A pet knows the word 'no'. What makes you think a child doesn't understand that word, either? If you say it firmly and loudly, it will startle them from what they were going to do and they stop. Say it to them as young as 1 or 2. Establish yourself as the parent and the rule maker young. Being too young is not an excuse for not disciplining your child.
"I don't want to be a mean mommy."
Please. You are the mom or dad. You have to be mean. It is in the job description. You have to set limitations for your child or you will have a teen runaway or drug addict or a pregnant teenager. Children need limitations. They need to know the rules. Be the mean parent who doesn't let them run with scissors or makes them clean up after themselves. Otherwise your life will be cleaning up after them all the time, even when they are an adult.

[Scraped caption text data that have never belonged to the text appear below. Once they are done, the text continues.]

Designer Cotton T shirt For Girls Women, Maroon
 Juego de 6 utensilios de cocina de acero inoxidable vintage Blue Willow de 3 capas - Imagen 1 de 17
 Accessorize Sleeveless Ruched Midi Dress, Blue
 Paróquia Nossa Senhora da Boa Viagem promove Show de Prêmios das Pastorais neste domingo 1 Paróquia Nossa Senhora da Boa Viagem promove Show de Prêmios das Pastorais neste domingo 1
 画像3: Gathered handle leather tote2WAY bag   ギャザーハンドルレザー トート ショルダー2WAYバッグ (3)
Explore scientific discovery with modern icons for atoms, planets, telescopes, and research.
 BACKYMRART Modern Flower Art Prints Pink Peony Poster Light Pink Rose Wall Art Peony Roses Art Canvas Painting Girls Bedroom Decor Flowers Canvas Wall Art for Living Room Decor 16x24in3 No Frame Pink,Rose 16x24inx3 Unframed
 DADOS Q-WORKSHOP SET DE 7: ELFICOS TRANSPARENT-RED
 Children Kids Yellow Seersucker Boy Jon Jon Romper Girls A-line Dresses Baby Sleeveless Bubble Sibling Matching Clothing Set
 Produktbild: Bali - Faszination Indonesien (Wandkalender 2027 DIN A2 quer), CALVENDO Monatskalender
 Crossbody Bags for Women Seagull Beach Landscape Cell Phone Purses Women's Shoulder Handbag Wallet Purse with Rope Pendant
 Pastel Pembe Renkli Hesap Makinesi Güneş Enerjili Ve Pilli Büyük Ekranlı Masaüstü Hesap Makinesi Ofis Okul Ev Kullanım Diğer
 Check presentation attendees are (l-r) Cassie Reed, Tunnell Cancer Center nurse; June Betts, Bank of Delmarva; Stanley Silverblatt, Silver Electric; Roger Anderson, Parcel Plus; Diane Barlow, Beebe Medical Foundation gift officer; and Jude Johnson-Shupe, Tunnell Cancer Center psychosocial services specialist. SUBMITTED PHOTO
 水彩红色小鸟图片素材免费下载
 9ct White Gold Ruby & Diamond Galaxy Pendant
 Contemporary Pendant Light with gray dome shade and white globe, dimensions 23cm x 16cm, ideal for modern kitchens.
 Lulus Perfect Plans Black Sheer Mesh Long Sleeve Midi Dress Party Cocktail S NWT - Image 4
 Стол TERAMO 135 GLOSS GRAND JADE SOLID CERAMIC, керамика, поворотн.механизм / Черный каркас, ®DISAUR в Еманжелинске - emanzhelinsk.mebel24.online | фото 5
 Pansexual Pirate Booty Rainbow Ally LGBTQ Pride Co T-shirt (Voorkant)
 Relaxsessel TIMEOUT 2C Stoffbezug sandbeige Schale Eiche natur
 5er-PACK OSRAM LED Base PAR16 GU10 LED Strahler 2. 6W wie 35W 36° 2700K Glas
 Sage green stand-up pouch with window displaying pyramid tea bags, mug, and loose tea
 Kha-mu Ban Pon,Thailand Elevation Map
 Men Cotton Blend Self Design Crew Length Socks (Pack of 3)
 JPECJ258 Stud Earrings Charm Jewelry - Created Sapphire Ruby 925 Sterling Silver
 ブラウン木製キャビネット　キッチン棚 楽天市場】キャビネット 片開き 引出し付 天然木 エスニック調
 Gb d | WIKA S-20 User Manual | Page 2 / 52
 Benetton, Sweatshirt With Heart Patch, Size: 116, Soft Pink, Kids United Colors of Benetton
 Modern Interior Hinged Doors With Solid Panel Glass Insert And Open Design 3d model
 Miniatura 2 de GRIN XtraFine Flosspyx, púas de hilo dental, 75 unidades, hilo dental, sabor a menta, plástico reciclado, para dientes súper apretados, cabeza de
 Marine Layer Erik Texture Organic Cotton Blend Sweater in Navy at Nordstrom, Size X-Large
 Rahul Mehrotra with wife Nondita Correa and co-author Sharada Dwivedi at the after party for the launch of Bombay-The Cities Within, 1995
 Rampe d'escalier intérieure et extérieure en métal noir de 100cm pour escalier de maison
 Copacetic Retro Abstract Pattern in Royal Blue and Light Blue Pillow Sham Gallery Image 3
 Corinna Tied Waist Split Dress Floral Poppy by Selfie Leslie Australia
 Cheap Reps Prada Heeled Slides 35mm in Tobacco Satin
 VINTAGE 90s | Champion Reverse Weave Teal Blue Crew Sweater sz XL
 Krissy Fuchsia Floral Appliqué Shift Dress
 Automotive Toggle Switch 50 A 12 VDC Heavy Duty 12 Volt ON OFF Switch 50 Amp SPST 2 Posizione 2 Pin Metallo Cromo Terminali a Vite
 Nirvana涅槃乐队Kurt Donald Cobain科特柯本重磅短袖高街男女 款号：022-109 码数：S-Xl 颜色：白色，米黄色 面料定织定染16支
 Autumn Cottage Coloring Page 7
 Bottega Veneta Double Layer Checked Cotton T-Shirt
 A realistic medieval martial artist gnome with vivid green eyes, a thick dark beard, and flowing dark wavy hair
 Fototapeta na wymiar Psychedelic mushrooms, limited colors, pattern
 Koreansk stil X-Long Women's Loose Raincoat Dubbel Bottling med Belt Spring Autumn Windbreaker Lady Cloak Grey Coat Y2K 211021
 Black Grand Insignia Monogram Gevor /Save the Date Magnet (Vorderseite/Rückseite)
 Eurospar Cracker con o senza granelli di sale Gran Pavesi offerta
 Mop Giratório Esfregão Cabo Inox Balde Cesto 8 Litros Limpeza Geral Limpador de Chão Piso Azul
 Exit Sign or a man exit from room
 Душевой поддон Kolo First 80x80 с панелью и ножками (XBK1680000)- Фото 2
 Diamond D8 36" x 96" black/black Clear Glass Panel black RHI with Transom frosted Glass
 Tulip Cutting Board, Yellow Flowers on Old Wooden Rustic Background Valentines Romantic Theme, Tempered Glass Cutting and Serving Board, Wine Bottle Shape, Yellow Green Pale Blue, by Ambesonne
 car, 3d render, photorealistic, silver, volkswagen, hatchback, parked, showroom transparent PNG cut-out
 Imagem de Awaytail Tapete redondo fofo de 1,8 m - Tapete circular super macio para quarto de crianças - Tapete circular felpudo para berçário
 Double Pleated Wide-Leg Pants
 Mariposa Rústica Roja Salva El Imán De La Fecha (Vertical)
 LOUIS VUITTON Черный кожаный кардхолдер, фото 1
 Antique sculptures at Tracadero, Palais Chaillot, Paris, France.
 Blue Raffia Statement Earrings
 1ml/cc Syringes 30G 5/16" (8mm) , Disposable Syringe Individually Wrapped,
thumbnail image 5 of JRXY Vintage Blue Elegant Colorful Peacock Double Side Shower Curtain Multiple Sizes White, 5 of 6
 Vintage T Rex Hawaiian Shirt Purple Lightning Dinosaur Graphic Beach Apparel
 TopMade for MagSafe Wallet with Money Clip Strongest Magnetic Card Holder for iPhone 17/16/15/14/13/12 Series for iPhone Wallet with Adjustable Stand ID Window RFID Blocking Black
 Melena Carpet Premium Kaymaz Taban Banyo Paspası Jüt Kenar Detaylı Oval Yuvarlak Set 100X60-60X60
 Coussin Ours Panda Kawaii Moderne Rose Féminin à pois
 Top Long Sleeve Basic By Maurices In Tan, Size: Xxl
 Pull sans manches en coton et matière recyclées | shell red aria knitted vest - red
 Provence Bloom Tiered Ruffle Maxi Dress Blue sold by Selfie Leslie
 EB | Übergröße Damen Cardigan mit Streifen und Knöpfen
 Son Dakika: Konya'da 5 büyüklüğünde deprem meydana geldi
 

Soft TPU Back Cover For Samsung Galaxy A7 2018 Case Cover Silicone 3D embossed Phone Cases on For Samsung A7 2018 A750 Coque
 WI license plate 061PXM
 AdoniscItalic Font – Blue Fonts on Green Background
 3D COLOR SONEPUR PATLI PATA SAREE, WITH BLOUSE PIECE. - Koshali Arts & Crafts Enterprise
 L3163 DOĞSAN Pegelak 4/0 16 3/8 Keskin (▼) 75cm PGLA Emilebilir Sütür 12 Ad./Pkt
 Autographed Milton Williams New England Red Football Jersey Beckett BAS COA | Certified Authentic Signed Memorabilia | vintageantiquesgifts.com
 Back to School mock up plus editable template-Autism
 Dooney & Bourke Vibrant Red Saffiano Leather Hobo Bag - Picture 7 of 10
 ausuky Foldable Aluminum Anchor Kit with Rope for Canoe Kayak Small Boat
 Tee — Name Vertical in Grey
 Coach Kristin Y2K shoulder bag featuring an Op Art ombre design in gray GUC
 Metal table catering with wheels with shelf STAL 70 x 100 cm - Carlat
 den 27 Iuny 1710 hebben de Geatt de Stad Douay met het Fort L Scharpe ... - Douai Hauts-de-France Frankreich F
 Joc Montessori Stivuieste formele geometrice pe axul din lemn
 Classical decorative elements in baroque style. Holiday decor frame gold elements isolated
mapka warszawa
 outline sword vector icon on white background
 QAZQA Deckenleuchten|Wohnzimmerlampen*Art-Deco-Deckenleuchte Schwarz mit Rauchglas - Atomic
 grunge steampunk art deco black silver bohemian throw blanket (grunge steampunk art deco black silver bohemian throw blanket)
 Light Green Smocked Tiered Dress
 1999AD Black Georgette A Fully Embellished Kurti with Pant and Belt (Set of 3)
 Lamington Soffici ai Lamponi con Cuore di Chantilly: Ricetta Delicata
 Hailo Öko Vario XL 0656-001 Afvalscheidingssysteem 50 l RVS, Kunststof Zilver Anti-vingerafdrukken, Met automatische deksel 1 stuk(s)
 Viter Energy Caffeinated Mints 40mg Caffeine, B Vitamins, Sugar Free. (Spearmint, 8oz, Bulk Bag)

You will have no time for yourself or your spouse because you will always be cleaning up something.
"I always swore I would not be like my mom."
My mom was a mean mommy. I turned out just fine. If your parents beat you or neglected you, then yes, strive to be a better parent. I'm not talking about the occasional spanking when you broke the rules or soap in the mouth when you swore or talked back, but actual physical abuse. I was able to do everything I wanted, within financial limits. I knew what I was allowed to do and what I wasn't. I didn't go to high school parties. Didn't do drugs. Didn't drink in high school. I'm not a felon. I had a mean mommy and I am just like her.
Yes, I may be a germaphobe at times. I may clean to excess sometimes. My child will go to bed without dessert sometimes because dessert is a priveledge, not a right. I know I don't have an easy road ahead of me with a teenager around the corner. But I do hope that the groundwork I have set for him now will help us both weather the road ahead.
Start now with your children, no matter what age they are. Put your foot down and establish the rules. Change the rules so they know what is expected of them. Children are not automatically going to be angels or turn into functioning adults. They need guideance from their parents and limitations.
That's my soap box speech for the day.